By using pulse width modulation — "basically, switching the generator on and off really quickly," says Ojala — the students have created a system that is adjustable without wasting a lot of power as happens when an electric source is managed by resistors. The efficiency of the students' rower system is around 70 percent, and "that's really good," says Bowen.
While the energy-harvesting rowers are now linked to batteries, once all the machines at the fitness center are wired together, they will likely be linked directly into the electrical grid, which will further increase their efficiency. That's what's happening at Oregon State University. In what may be the first U.S. university to develop such a system, OSU has 22 elliptical trainers that pump power directly back into the Oregon electrical grid.
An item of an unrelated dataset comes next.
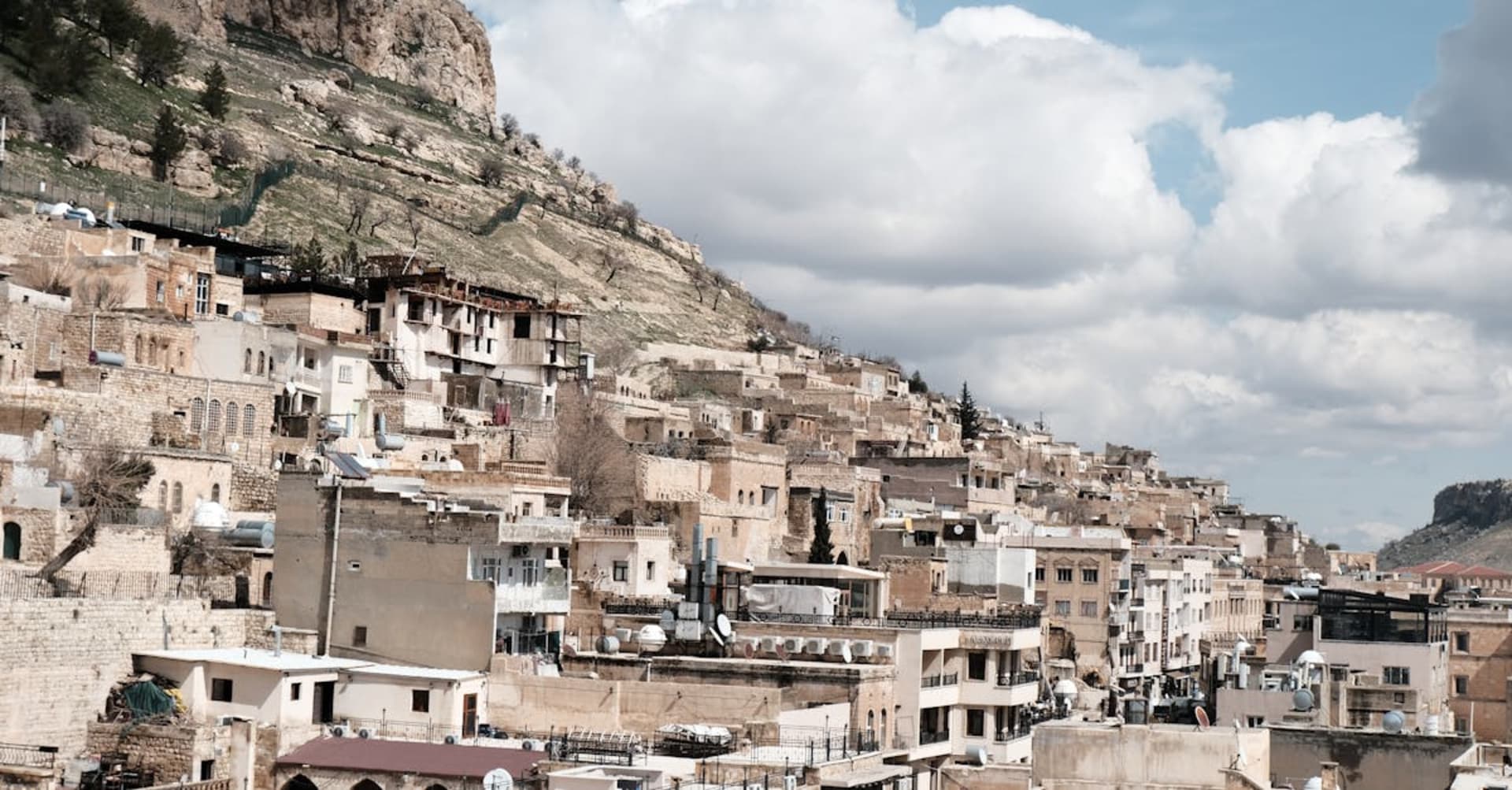 The honey-colored stone buildings of Mardin cascading down a hillside above the Mesopotamian plain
Their system was launched this winter and is projected to produce about 3,500 kilowatts annually.
Pulling for less carbon
"The basic point is to use human power instead of polluting power to reduce our carbon footprint," Devon Snyder says, as she dumps more strawberries in for the next round of smoothies. She has been working to promote the Pedal Power project with professor Robert Manning in the Rubenstein School of Environment and Natural Resources — including helping with this demonstration. "It's ridiculous that you are wasting energy to workout," she says, and she sees the project as a new way to educate about natural resource conservation.
"Any student in any major has been to the gym," she says. "Because it involves exercise, it's more appealing than recycling or turning off light bulbs."
Watts up
So, just how much power does an exercising student produce? About 150 watts can be sustained for about 30 minutes, Reed estimates. "Some of these guys might do 175 or 200," he says, and, in momentary bursts, the screen on the rower reads nearly 1,000 watts.
Working with his colleagues and with three health sciences students, Reed has been researching how this electrical power output relates to human metabolic costs and oxygen uptake for the exerciser. They have also spent days in the UVM Fitness Center — with support from athletics director Bob Corran and his staff — studying usage patterns, and getting exact measurements of when each machine is used.
"This has allowed us to make good estimates of how much energy we can harvest out of these things over time," Reed says, as he watches two new rowers take up the handles.
"People have been, like — that is such a good idea," Snyder says, holding out more smoothies, "Why isn't that already happening?"